Myanmar - a media operation?

BY SUBIR BHAUMIK| IN Media Practice | 11/06/2015
As junior information minister Rajyavardhan Singh Rathore entered the Times Now studio, the complexion of the war changed.
The media seems to have taken over where the military left, says SUBIR BHAUMIK
Myanmar - a media operation?

 The Indian para-commando strike into Myanmar, planned as an appropriate riposte to a rebel ambush that left 18 soldiers dead, has turned into a media farce. The wild claims of casualties in TV channels and newspapers -- some even claiming 150 militants dead -- have even embarrassed the military formations involved in the attack. A colonel in the 3rd Corps sent an SMS to me last night saying: “This has become a media operation". Clearly the media seems to have taken over where the military left.
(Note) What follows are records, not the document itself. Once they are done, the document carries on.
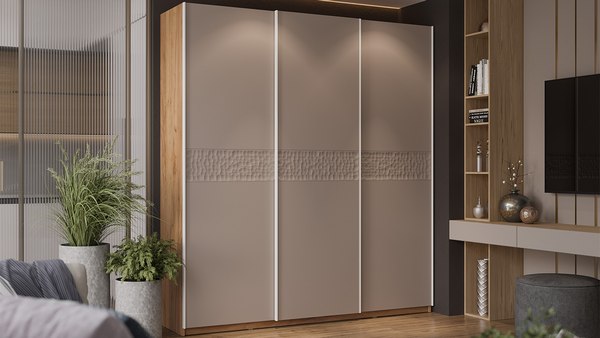 Шкаф-купе ТриЯ Оскар Скания Т2 2100 / 268738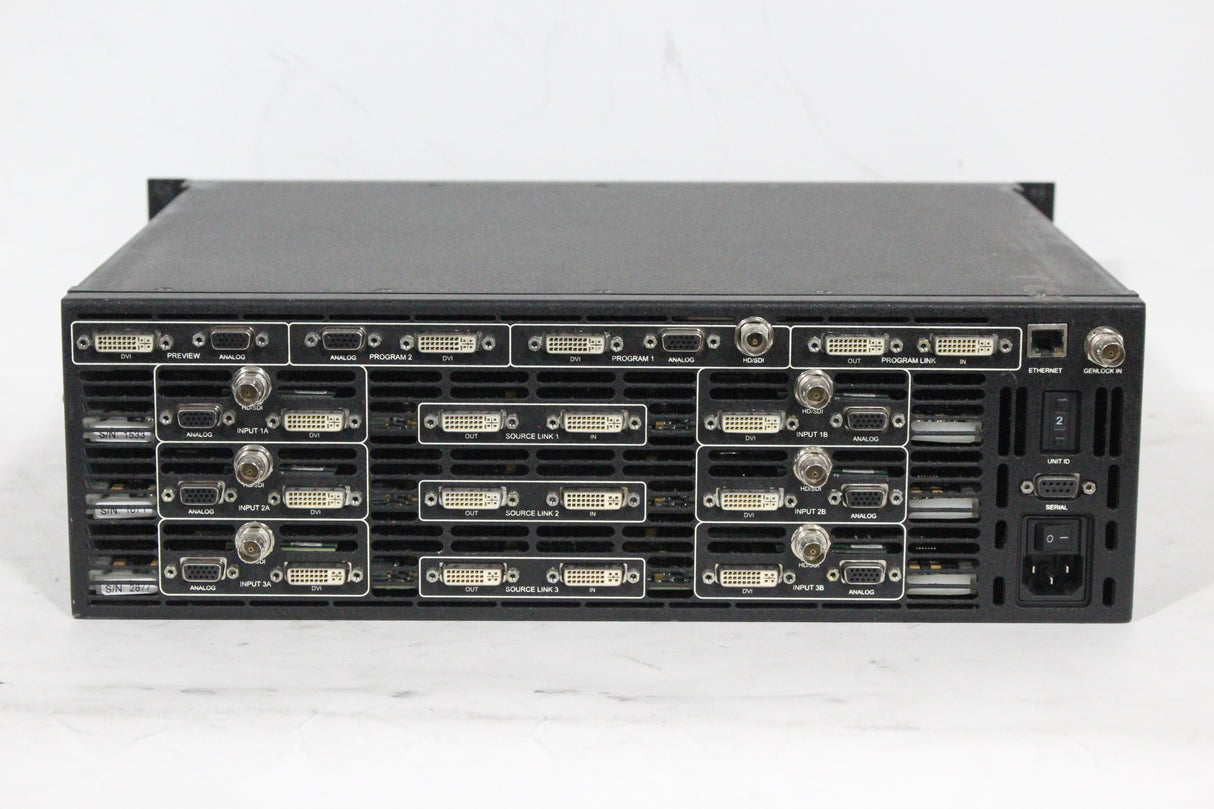 Barco EVP-06 Es Encore 3G Output Video Processor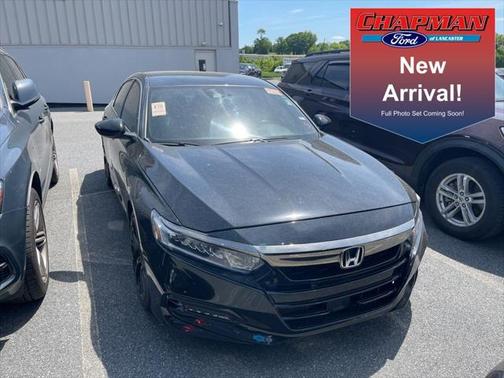 2020 Honda Accord Sport 1.5T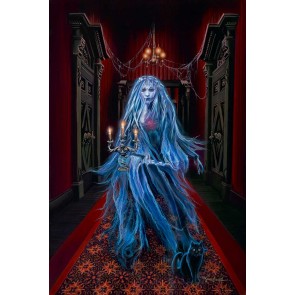 Haunted Bride by James Crouch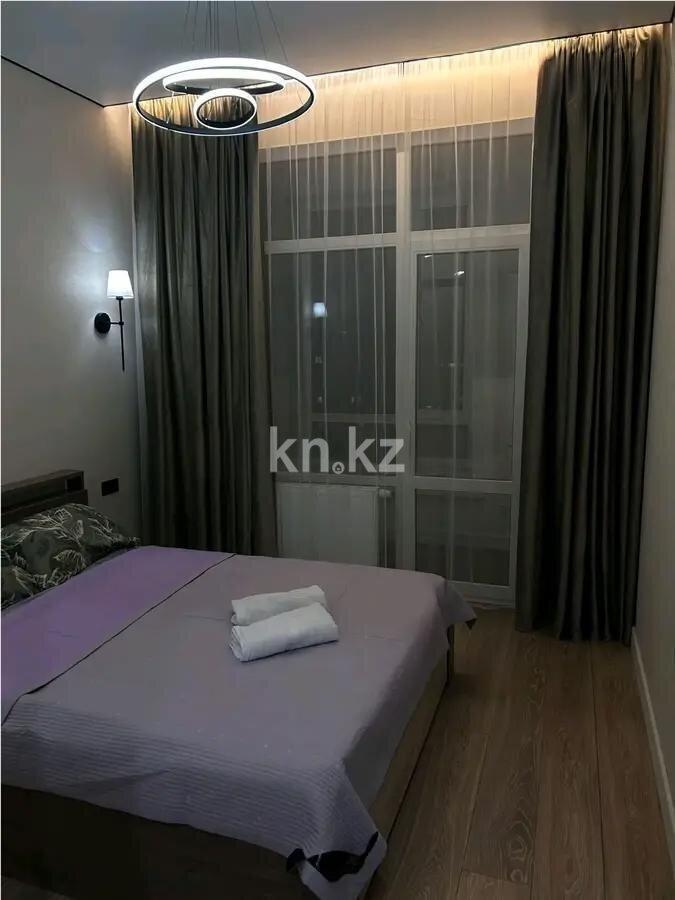 Продажа 1-комнатной квартиры, 41 м² в Астане - фото 2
 Additional DGMO Maj-General Ranbir Singh in his June 9 press conference only claimed 'significant casualties' and avoided saying whether the strikes were inside Myanmar. Very cleverly, he suggested that but stuck to 'India-Myanmar border'. Again, he insisted that “we are in communication with Myanmar" without ever suggesting when they were informed of the assault. But as junior information minister Rajyavardhan Singh Rathore entered the Times Now studio, the complexion of the war changed. His claims of strikes 'deep inside Myanmar' were preposterous. Egged on by India's one and only media warrior Arnab Goswami, Rathore lost his military bearings and lent himself to Bollywood style sabre rattling. " This is a warning to all our neighbours who harbour terrorists," he said. 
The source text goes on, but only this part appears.